What is needed: Beginning with the very first line, please reproduce the entries exactly through the line containing "HANZIM LED Candles,Flameless".

Records supplied:
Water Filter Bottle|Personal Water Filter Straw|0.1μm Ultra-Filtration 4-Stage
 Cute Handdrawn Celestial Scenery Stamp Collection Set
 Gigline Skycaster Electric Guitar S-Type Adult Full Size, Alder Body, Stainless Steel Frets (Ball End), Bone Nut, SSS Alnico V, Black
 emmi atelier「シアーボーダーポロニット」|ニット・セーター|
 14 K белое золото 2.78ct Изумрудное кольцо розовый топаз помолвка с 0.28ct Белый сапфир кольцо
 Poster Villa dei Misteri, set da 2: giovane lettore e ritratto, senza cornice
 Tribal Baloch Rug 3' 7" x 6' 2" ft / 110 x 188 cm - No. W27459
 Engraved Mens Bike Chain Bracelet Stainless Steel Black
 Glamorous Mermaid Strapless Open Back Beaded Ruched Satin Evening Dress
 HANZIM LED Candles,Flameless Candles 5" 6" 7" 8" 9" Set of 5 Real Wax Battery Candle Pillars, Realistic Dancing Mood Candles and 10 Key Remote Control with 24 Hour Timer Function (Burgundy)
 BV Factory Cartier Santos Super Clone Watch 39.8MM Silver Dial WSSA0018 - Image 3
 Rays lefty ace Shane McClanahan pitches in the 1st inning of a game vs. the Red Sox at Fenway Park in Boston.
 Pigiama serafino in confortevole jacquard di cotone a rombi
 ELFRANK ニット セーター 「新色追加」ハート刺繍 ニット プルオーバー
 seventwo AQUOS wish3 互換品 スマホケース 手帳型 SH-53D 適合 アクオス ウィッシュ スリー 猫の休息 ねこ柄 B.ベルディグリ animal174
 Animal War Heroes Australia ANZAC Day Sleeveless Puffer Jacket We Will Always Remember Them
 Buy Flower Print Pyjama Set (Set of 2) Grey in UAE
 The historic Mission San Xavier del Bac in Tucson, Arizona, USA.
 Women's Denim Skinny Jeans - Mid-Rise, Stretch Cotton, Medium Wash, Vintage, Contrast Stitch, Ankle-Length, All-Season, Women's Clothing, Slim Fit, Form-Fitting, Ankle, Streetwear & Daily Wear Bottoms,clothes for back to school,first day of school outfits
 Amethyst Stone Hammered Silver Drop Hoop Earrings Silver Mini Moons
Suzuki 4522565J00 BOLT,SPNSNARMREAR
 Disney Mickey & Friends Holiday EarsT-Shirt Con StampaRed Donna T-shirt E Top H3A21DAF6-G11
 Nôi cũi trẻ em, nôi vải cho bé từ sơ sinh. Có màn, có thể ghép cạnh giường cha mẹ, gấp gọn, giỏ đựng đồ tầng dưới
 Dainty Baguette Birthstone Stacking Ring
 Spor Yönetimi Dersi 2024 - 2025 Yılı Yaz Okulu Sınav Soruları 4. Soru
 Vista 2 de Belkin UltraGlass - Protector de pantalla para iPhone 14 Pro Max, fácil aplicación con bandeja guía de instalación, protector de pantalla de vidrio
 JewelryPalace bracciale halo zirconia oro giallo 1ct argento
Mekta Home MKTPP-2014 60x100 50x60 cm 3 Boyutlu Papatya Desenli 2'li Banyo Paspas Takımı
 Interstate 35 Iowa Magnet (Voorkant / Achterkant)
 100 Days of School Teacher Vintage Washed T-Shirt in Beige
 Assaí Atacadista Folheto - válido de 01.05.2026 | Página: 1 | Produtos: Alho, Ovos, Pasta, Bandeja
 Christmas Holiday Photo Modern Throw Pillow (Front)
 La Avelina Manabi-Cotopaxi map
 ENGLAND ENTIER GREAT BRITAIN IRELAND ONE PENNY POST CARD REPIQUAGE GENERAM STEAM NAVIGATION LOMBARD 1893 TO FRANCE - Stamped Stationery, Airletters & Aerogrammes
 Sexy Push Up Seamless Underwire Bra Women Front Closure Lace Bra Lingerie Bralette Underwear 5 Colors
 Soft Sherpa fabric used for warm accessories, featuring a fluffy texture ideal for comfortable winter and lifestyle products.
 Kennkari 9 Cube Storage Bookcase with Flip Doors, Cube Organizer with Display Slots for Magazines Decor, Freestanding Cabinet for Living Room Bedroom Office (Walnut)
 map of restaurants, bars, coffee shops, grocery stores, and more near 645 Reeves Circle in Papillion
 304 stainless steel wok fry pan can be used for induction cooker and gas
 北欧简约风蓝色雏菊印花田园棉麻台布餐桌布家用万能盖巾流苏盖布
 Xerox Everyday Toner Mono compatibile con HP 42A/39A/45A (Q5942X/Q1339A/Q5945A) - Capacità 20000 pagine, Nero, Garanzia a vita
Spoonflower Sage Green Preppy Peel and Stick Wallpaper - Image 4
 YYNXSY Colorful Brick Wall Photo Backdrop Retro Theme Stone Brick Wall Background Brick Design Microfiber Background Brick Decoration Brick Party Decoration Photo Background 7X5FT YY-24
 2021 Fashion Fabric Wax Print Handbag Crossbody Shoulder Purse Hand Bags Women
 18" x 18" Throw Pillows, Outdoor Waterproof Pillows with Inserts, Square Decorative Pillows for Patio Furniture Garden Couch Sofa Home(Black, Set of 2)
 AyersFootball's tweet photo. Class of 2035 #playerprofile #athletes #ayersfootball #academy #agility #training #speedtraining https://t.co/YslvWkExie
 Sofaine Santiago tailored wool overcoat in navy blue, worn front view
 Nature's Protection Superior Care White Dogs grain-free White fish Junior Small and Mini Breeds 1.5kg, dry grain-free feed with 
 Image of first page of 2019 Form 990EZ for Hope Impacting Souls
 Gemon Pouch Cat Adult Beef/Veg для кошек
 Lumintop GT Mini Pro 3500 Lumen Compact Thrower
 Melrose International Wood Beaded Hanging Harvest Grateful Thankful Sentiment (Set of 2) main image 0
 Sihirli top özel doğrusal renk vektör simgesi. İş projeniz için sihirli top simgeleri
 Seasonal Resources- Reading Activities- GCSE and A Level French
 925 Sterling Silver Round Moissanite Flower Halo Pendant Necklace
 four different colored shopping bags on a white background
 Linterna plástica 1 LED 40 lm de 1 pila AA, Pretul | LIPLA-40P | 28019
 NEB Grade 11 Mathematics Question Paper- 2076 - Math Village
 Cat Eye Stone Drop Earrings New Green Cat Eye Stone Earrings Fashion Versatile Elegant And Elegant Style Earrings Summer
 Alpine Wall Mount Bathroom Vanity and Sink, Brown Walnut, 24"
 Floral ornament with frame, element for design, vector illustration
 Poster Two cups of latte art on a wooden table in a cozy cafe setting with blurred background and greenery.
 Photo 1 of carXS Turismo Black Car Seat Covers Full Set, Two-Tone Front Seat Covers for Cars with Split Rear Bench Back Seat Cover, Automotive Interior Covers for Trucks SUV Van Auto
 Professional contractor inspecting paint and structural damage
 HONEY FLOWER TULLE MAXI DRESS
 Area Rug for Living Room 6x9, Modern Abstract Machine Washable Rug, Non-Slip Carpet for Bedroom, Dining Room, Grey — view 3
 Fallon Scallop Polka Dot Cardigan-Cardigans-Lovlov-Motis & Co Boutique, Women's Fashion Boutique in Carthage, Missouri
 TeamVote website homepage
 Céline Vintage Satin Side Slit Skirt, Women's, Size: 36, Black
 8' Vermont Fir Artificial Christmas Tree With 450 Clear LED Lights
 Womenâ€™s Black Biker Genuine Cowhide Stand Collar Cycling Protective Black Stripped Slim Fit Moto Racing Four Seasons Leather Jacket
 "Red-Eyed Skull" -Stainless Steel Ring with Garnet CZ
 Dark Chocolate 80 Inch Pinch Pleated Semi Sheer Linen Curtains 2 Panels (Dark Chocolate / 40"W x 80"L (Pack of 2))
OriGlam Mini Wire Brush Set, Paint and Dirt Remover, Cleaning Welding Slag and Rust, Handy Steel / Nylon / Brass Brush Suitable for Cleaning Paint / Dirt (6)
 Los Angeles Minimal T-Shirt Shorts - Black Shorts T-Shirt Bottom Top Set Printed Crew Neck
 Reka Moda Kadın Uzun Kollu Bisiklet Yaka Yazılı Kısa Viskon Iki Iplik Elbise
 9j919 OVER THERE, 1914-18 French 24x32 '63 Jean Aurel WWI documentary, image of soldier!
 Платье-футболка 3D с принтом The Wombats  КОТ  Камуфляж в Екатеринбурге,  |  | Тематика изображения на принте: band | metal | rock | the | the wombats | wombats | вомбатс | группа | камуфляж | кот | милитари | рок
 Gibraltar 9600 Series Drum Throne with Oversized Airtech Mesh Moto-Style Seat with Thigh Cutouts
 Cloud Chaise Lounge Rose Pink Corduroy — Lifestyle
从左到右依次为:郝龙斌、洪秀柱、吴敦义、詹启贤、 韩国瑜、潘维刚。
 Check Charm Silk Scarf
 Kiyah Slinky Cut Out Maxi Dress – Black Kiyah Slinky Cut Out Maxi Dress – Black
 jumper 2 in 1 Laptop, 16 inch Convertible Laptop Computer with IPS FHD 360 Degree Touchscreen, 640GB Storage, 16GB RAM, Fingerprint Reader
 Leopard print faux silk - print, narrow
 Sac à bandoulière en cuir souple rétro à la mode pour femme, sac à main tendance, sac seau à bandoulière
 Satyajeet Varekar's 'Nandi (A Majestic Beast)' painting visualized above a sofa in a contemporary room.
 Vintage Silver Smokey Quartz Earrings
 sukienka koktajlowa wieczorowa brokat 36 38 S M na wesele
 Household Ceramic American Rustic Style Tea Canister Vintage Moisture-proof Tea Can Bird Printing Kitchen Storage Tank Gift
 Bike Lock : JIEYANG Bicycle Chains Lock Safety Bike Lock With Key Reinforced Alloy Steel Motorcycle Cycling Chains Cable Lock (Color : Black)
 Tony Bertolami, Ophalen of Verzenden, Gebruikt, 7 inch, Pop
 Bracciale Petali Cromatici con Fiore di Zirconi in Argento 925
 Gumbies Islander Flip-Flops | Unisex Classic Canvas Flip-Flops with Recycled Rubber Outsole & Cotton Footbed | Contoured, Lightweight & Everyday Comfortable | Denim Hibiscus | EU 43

Task solution:
Water Filter Bottle|Personal Water Filter Straw|0.1μm Ultra-Filtration 4-Stage
 Cute Handdrawn Celestial Scenery Stamp Collection Set
 Gigline Skycaster Electric Guitar S-Type Adult Full Size, Alder Body, Stainless Steel Frets (Ball End), Bone Nut, SSS Alnico V, Black
 emmi atelier「シアーボーダーポロニット」|ニット・セーター|
 14 K белое золото 2.78ct Изумрудное кольцо розовый топаз помолвка с 0.28ct Белый сапфир кольцо
 Poster Villa dei Misteri, set da 2: giovane lettore e ritratto, senza cornice
 Tribal Baloch Rug 3' 7" x 6' 2" ft / 110 x 188 cm - No. W27459
 Engraved Mens Bike Chain Bracelet Stainless Steel Black
 Glamorous Mermaid Strapless Open Back Beaded Ruched Satin Evening Dress
 HANZIM LED Candles,Flameless Candles 5" 6" 7" 8" 9" Set of 5 Real Wax Battery Candle Pillars, Realistic Dancing Mood Candles and 10 Key Remote Control with 24 Hour Timer Function (Burgundy)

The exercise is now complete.